Wanneer je de trappen neemt naar de cellen van de monniken zie je bovenaan de trap het grote fresco met de Annunciatie prominent aanwezig. In de schildering synthetiseert Fra Angelico de essentie van het moment waarop de engel Gabriël aan Maria de boodschap brengt. De compositie is in vergelijking met de eerder genoemde Annunciaties doordrongen van sereniteit. De ingetogen houding van Maria en de engel weerspiegelt de contemplatieve sfeer van het klooster. De subtiele lichtval, die de linkerzijde van de loggia verlicht en de rechterzijde in schaduw hult, creëert een gevoel van diepte en benadrukt de sacraliteit van het moment.

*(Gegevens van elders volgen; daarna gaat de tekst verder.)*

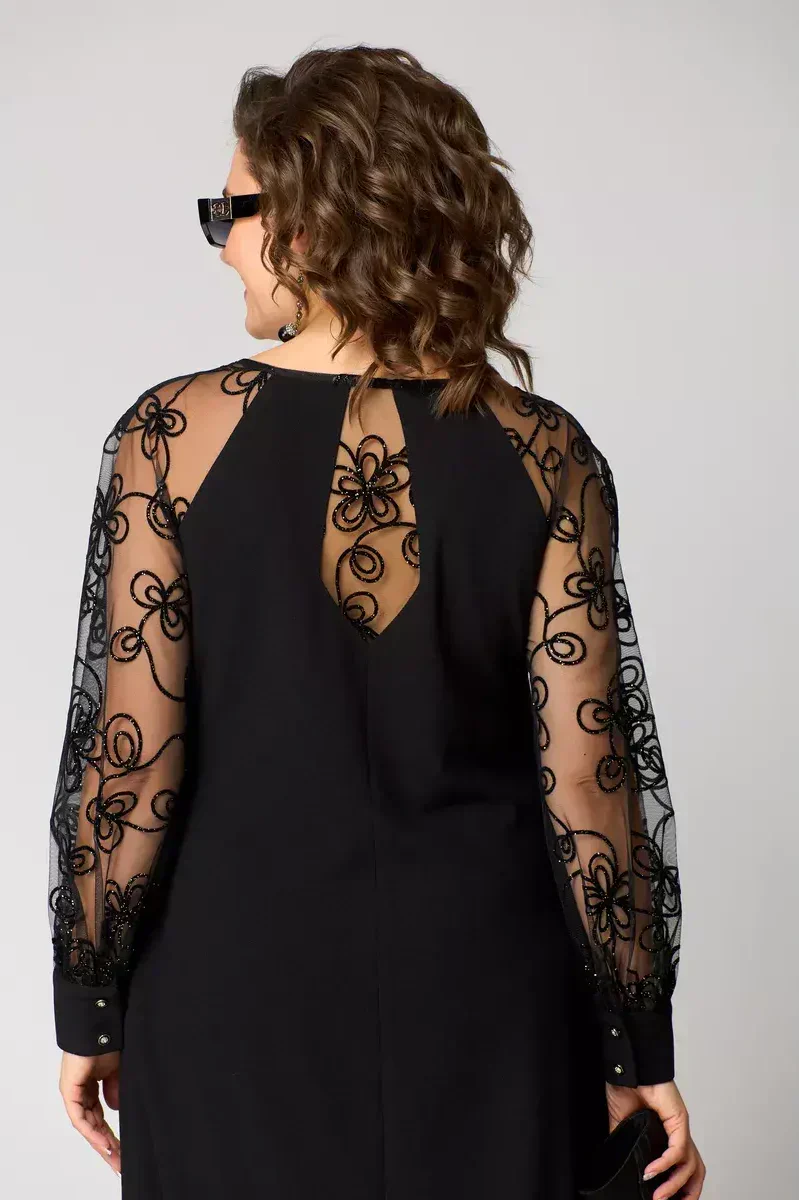 Sloane | Black Stretch Mesh Embroidered Sleeve Mini Dress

Ook het thema van de Hortus Conclusus is opnieuw aanwezig. In de loggia met zuilen en rijkelijk versierde kapitelen zit rechts Maria op een sober bankje.  De engel Gabriël knielt aan de linkerzijde van de ruimte voor Maria en buigt zich licht voorover. Achteraan de loggia geeft een opening toegang tot een achterliggende ruimte. Het gelaat van zowel Maria als de engel straalt een grote sereniteit en zelfs ingetogenheid uit. Het meditatief karakter krijgt de bovenhand en ondersteunt het leven van de monniken dat doordrongen is van gebed en ingekeerdheid. Fra Angelico vermijdt dan ook verhalend te worden en laat de klassieke attributen (denk aan de vaas met lelies of de bijbel) bewust achterwege. De vleugels van de engel, met hun levendige kleuren, vormen een prachtig contrast met de sobere achtergrond.

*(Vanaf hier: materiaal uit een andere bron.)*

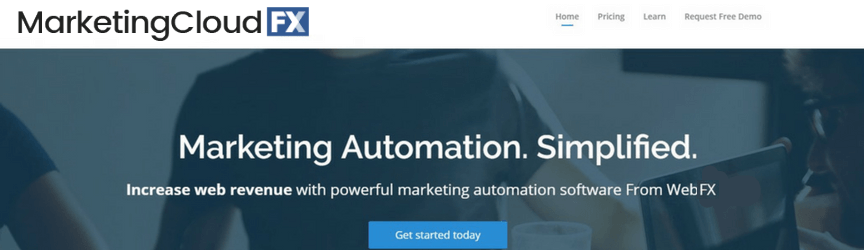 screenshot of marketingcloudfx website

In een van de cellen van de monniken bevindt zich een andere Annunciatie waar Fra Angelico zijn minimalistische stijl haast tot het uiterste doorvoert. Opnieuw zien we de protagonisten in een sobere loggia voorgesteld. Maria knielt deemoedig op een eenvoudig bankje. De engel staat rechtop voor haar en bedekt met de vleugels de kapitelen van de zuilen. Zelfs deze versiering is dus op subtiele wijze weggewerkt. Â Aan de linkerzijde van het werk staat , buiten de loggia een dominicaan in biddende houding. Het kleine stukje gras waarop hij staat, herinnert ons aan de Hortus Conclusus. Uiterste soberheid en contemplatie is wat hier de bovenhand krijgt.
De intensiteit van de muziek in Bachs cantates vindt een antwoord in de doordachte compositie van Fra Angelico’s  Annunciaties. In deze dialoog, en over de tijdsgrenzen heen, ontmoeten deze meesterwerken elkaar en versterken ze elkaars boodschap.